ちょっと横道に逸れるが、現代の私たちは、創造的な仕事をしようという時、なんとなく、通り過ぎていくだけの後戻りのしない直線的な時間軸のイメージを背景に持っているように思う。昨日より今日の方がいいという明らかな展開を目論む醍醐味は、直線を一方向へ向かう時間感覚の最たるイメージ。過去の優れたところを参照し注視しながら、過去から改善改良された部分との対比が重要になる。建築の再生においても、元の部分と「劇的に」変化する部分の対比がエキサイティングであり、クリエイティブであるという視線である。

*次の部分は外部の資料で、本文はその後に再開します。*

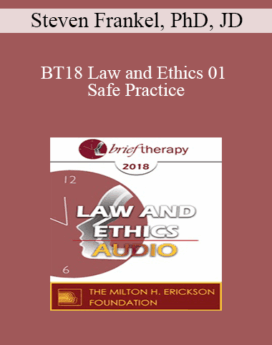 [Audio] BT18 Law and Ethics 01 - Safe Practice: Liability Protection and Risk Management Part 1 - Steven Frankel, PhD, JD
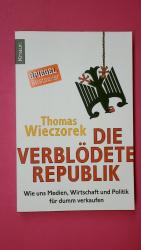 Thomas Wieczorek: DIE VERBLÖDETE REPUBLI Thomas Wieczorek: DIE VERBLÖDETE REPUBLI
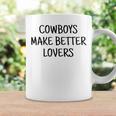 Cowboys Make Better Lovers Rodeo Rodeo Funny Gifts Coffee Mug Gifts ideas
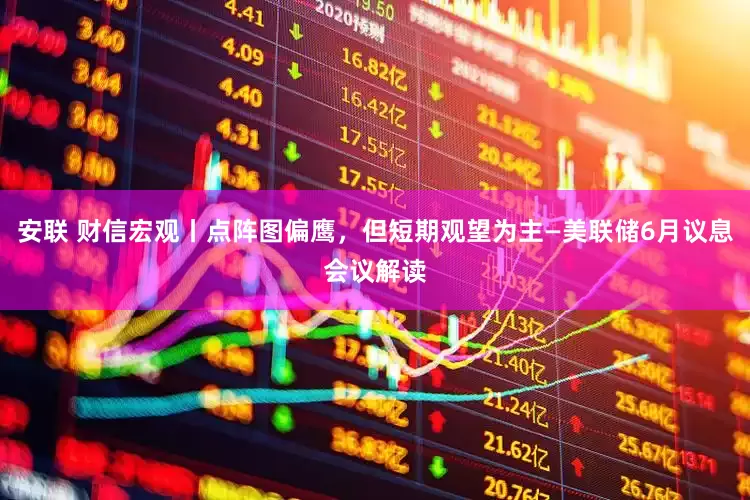 安联 财信宏观丨点阵图偏鹰，但短期观望为主—美联储6月议息会议解读
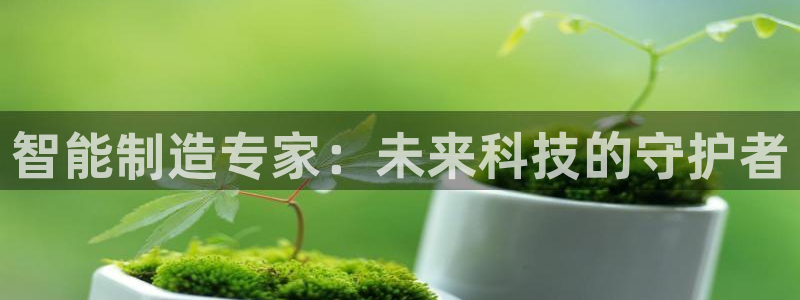 彩神大发是不是人为操作：智能制造专家：未来科技的守护者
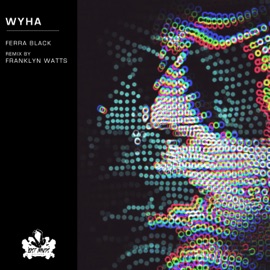 W Y H A (Franklyn Watts Remix) Ferra Black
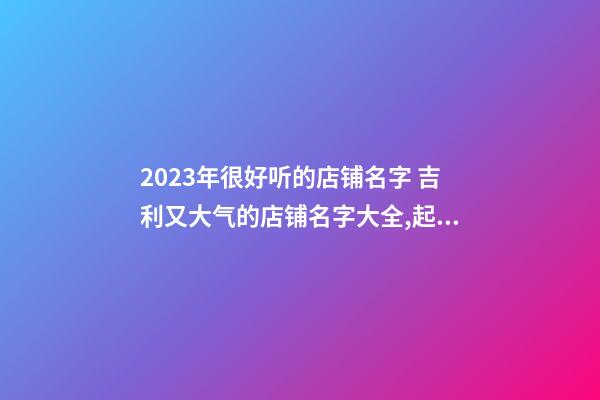 2023年很好听的店铺名字 吉利又大气的店铺名字大全,起名之家-第1张-店铺起名-玄机派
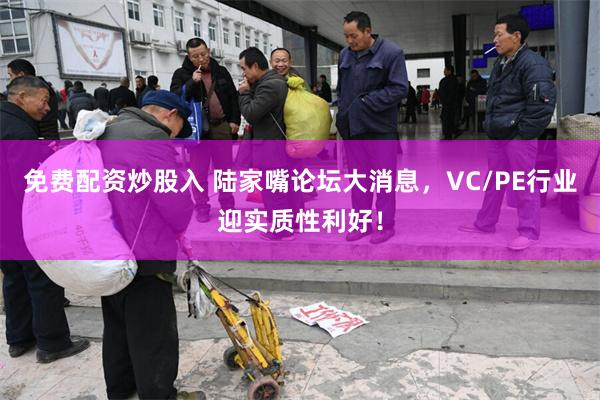 免费配资炒股入 陆家嘴论坛大消息，VC/PE行业迎实质性利好！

思えば、私たちは、四季の移り変わりを享受しながら、毎年繰り返している。新鮮味を毎年感じつつも、必ず同じ四季を繰り返している。あるいは、去年の春と今年の春は同じだという認識に陥ることなく、新たな春の新鮮さを感じながら、生きている。つまり、始まりも終わりもなく循環していくという時間感覚。始めと終わりが想定され時間は二度と戻ることのない、という西洋的な時間感覚からすれば、現在と過去とは理性的な繋がりだけで結ばれる。それに対して、アジア的で日本的な特徴でもある循環思想=輪廻は、事実を超えて、見えない、あるいは見えにくい連続が想像される。

狐とか、猫とかに生まれ変わった云々の、まるで日本昔話のような歴史の見方。場所にも魂があってある特定の性質が再生され、繰り返される。場所の持っている深層の某かが時間をまたいで連続している。そういうことを考える時は、論理的な解釈とか理由付けは時に邪魔であり、唯々、想像するしかない。一つの場所に対して建築は、その場所の持っている根底的な性質が作り出す時間の流れに、乗ったり沿ったりしながら、循環しているというその場所の運動体系に、少なからずの影響を与えていることになる。

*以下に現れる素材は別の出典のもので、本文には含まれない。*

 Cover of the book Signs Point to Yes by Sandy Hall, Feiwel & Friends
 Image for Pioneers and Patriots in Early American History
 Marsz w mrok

一旦、理屈は先延ばして、よりスパンの大きな見えない歴史に自らの建築行為を照らし合わせてみる。そこにすぐさま正否はつけにくいけれども、近視眼的な価値基準よりも広い視野に立つことができそうになる。場所の歴史という大スパンの中での大役であることも判ってくる。建築デザインという流行業界=短い時間感覚の中にありながら、それはやはり頼もしい導きである。